Today's main event is the US Employment Report (14:30 CET), featuring the nonfarm payrolls and the unemployment rate. While the previous report showed substantial upward revisions to employment growth, it also revealed a slowdown to 257K in January from 423K in November. The consensus expectation is a further deceleration in employment growth to 235K in February.
The FOMC sees a 200K+ figure as a healthy pace of employment growth, but it is also willing to tolerate a figure between 150K and 200K, as long as various measures of unemployment continue their decline during the course of the year.
Rabo Bank notes in a report on Friday:
- Our own econometric model, which takes into account the other labor market data for February that have been published earlier, is slightly below consensus with a 228K forecast. In addition, our model forecasts a downward revision to the January figure.
- Payrolls are notoriously difficult to predict.

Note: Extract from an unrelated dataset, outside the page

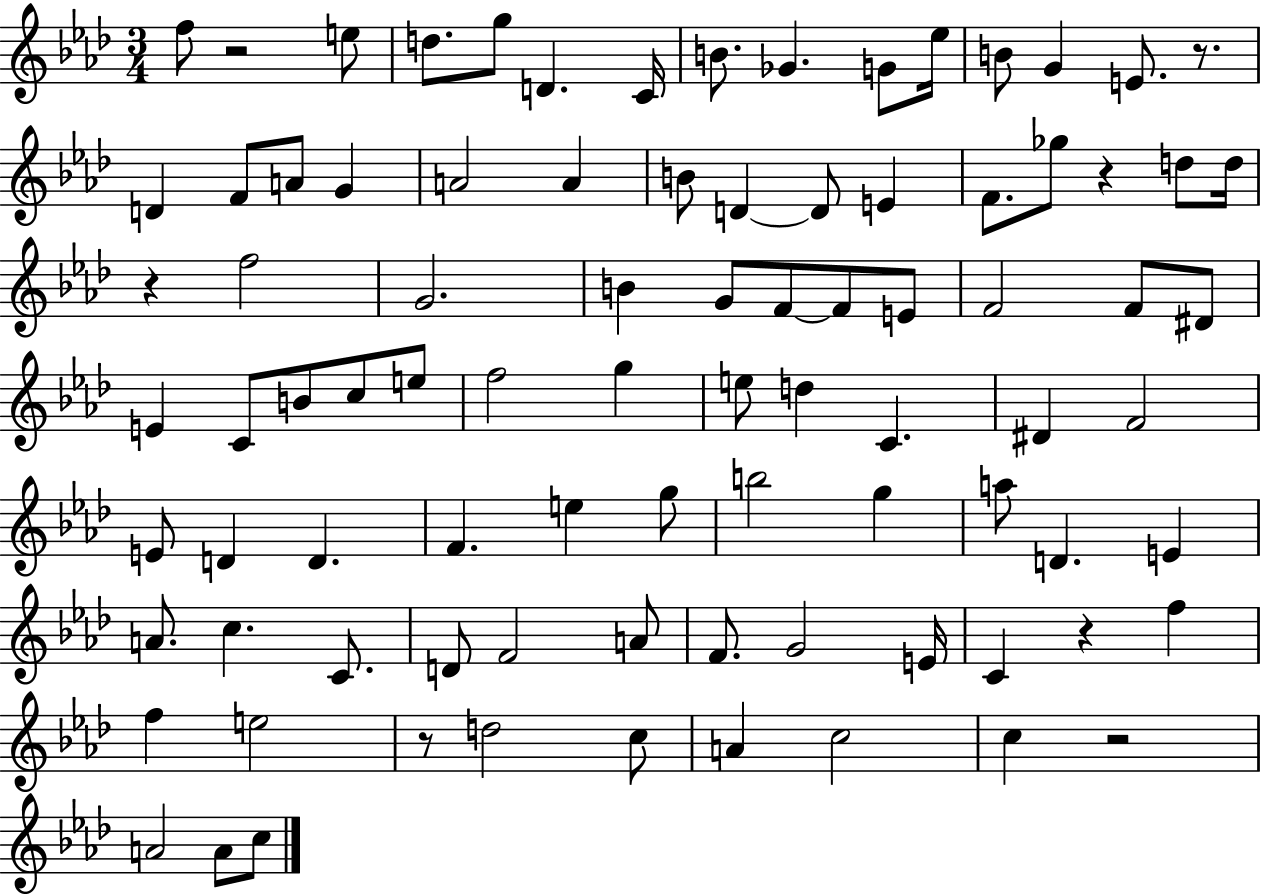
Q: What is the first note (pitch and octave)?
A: F5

Nonfarm payroll growth has been stronger than suggested by other labor market data, which does suggest some downside risk to the consensus expectation.
- The underemployment rate (U6) includes marginally attached workers and part-time workers for economic reasons.
- According to our calculations, if the FOMC were to have an implicit target for U6 it would probably be around 9.0-9.3%. In January, the underemployment rate stood at 11.3%, which suggests that there is still substantial slack in the labor market.